Cuando cae Perón ya hay una identidad de clase media instalada, por primera vez hay gente que se considera de clase media y no parte del pueblo. Después se abre un largo período de disputa entre dos proyectos que proponen a diferentes figuras como centro de la nación: la clase media o los trabajadores. En esa época surge un elemento que no está en otros países: el desprecio enorme que personas de la clase media tienen contra la propia clase media. Esto aparece con Jauretche, Ramos, Sebreli y otros ensayistas que acusan a la clase media de racismo, de no entender los problemas nacionales y aliarse con la elite. No es una cuestión sólo de intelectuales o militantes, sino que se difunde en toda la sociedad como parte de esa disputa entre dos imágenes contrapuestas de nación. La disputa se salda, provisoriamente, con el Proceso. Ahí hay una derrota del proyecto que trataba de situar al trabajador como eje de la nación. La imagen de la Argentina como país de clase media queda entonces indisputada. De algún modo, eso encarna en el alfonsinismo, que aparece como superación del peronismo y vuelta a la “normalidad”, con fuerte protagonismo de la clase media.
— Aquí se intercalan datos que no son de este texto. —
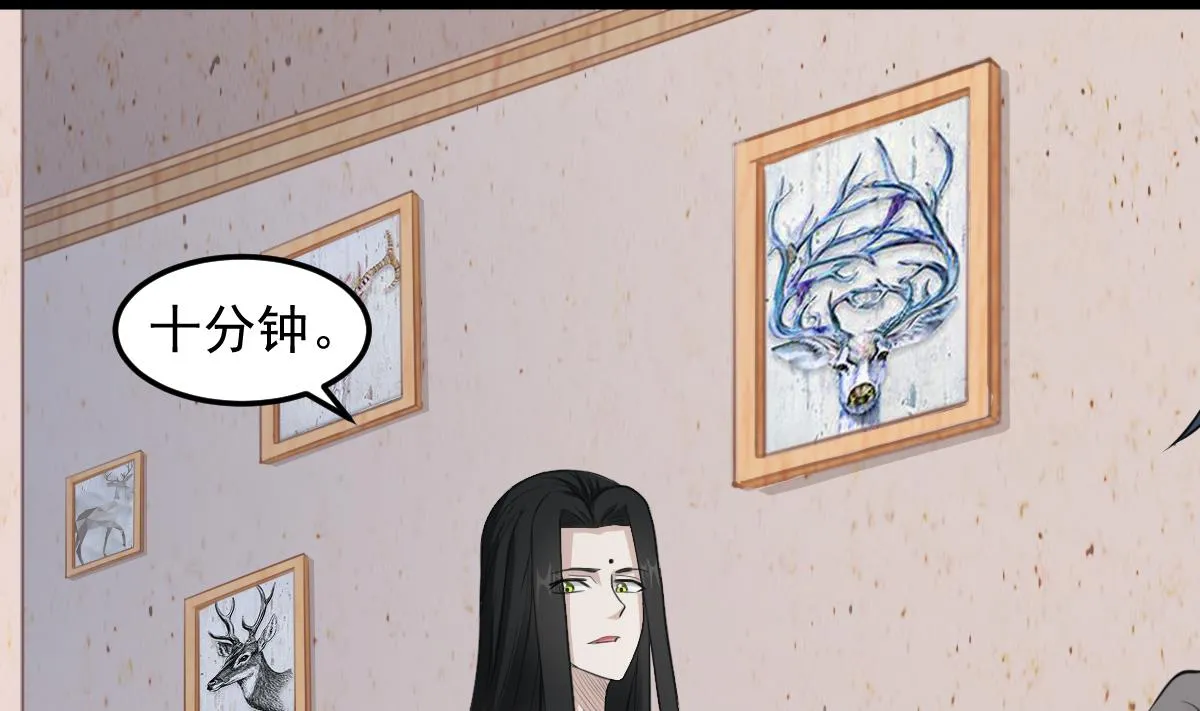 第55话 别再执迷不悟了！ 第52页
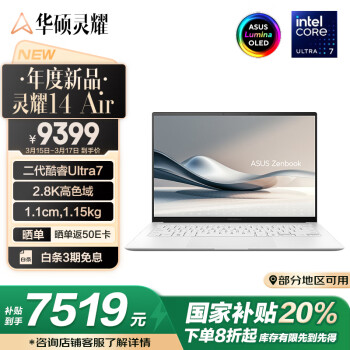 華碩 ASUS 靈耀14 Air 酷睿Ultra二代版 14英寸 輕薄本 白色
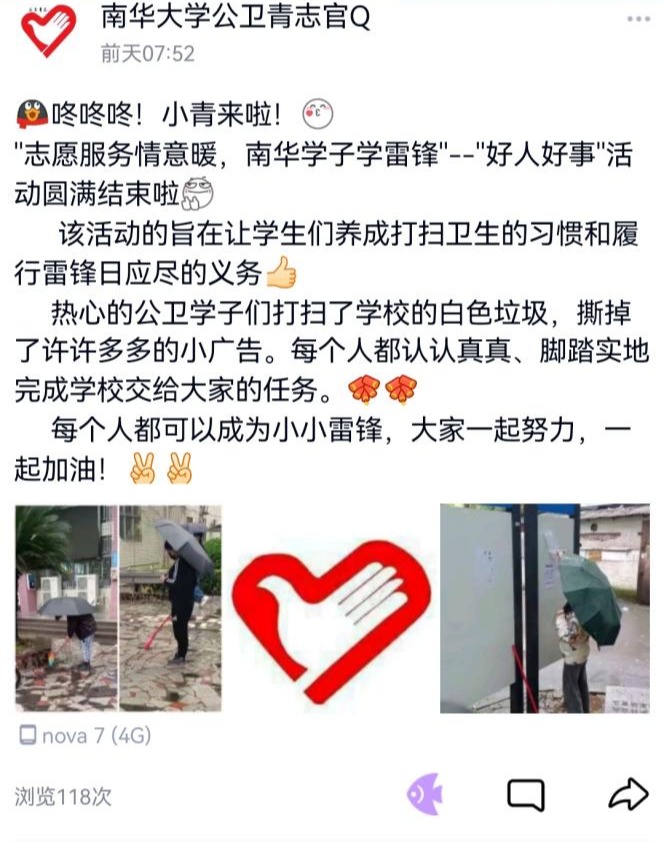 PA视讯平台
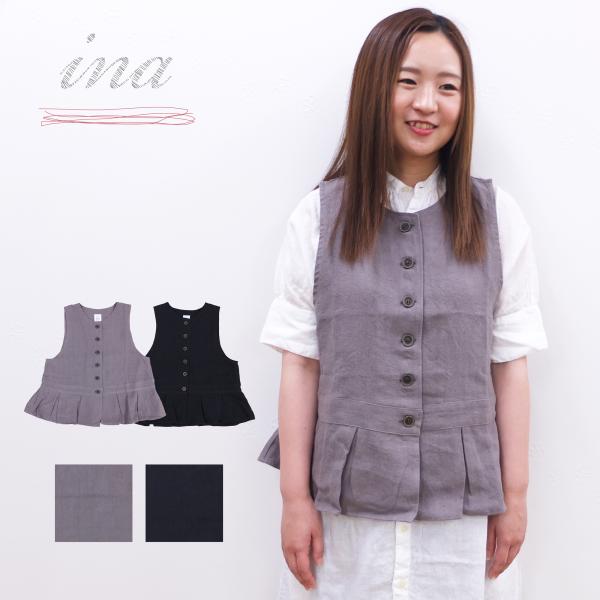 [D] 【SALE・セール】 イナ ina ジレ ベスト 麻 リネン Made in Japan 日...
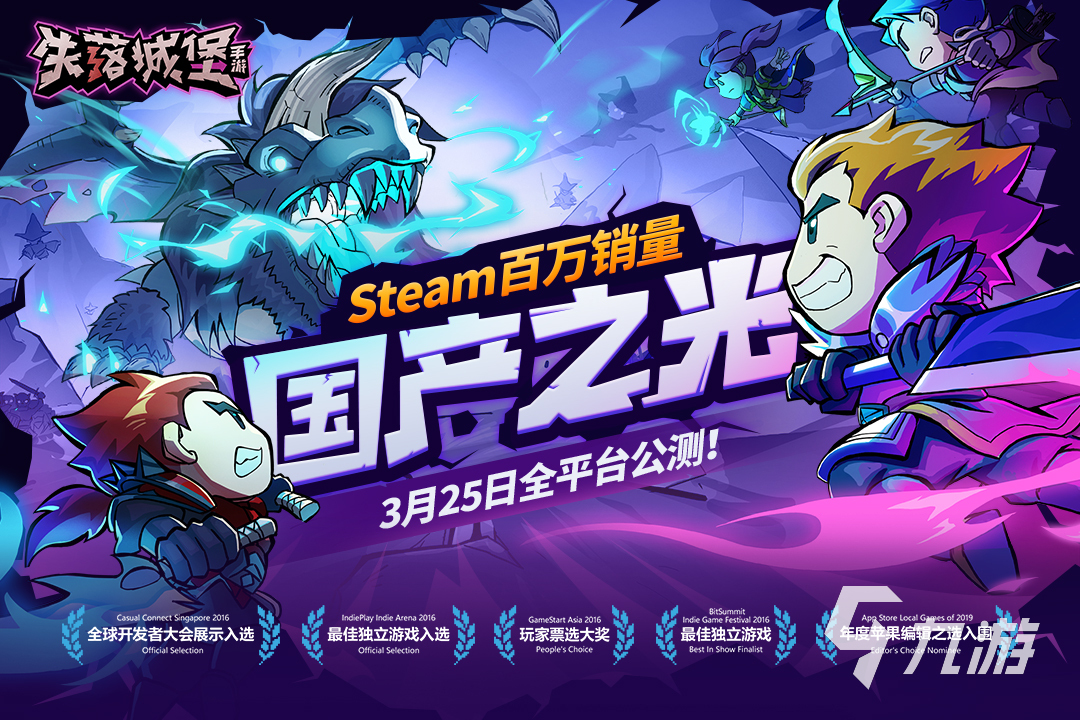 熱門的步步高rpg游戲合集 好玩的rpg游戲推薦2023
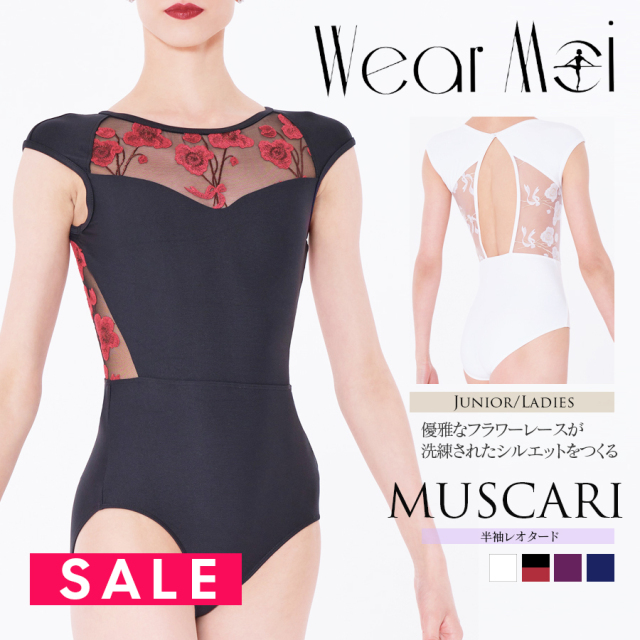 SALE WearMoi（ウェアモア） MUSCARI 半袖レオタード キャップスリーブレオタード 大人バレエ 伸縮 伸びる 動きやすい 2点までメール便可 バレエレオタード クラシックバレエ キッズバレエ ジュニアバレエ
La identidad penetra muy hacia abajo, generando ese fenómeno que vemos todavía hoy: gente incluso muy pobre que cree ser de clase media. Durante los ’80 y ’90 esta identidad continúa sin disputa, hasta que el país colapsa.

¿Por qué interpreta que las posibilidades abiertas por 2001 son clausuradas por el conflicto con “el campo” en 2008?
En 2001 hubo un encuentro muy poderoso de sectores bajos y medios, incluso en la calle, con voluntad de confundirse en un mismo sujeto social. Es muy interesante que, en 2002, los sectores dirigentes que intentaron “encauzar” el país advirtieron que el peligro más grande que enfrentaban era esa combinación de reclamos. El proyecto de Duhalde pasaba por ahí, por evitar que la clase media se juntara con la baja. Y el proyecto del primer Kirchner pasaba no por volver a una clase media antiplebeya, pero sí por mantener claro el límite entre una clase y otra. Casi no hubo político argentino que insistiera más en el orgullo de clase media que Kirchner. Con la normalización económica y política que trajo su gobierno, se volvió a una separación más clara entre quiénes eran clase baja y quiénes no. Y el conflicto de 2008 con las entidades del campo fue una especie de cierre de época. Hubo una puesta en escena en la que los sectores que apoyaban al campo se apropiaron del lenguaje de 2001 con un sentido opuesto. Salieron a cortar rutas y a cacerolear, pero con un proyecto excluyente. En lugar de una vocación de confundirse en un mismo pueblo, había una actitud racista y clasista. Fue una farsa que marcó el cierre de 2001. Volvió a aparecer en boca de gente de izquierda o identificada con el Gobierno el escarnio a la clase media. También había en eso algo de farsesco: se volvió a hablar con las palabras de Jauretche, cuando claramente no estábamos ya en aquel país. Hay una sociología muy rápida entre sectores progresistas que considera a la clase media como un grupo social homogéneo. Y esto es un obstáculo para pensar políticamente, porque hay cantidad de personas que no actúan a favor de la derecha ni con prejuicios clasistas. Es necesario volver a pensar el modo de construir vínculos políticos entre las clases bajas y al menos una porción de los sectores medios. El prejuicio que descalifica a la clase media es cómodo pero inmoviliza, confirma lo que ya sabemos: si la clase media es así y todo el país es clase media, entonces no hay nada que hacer.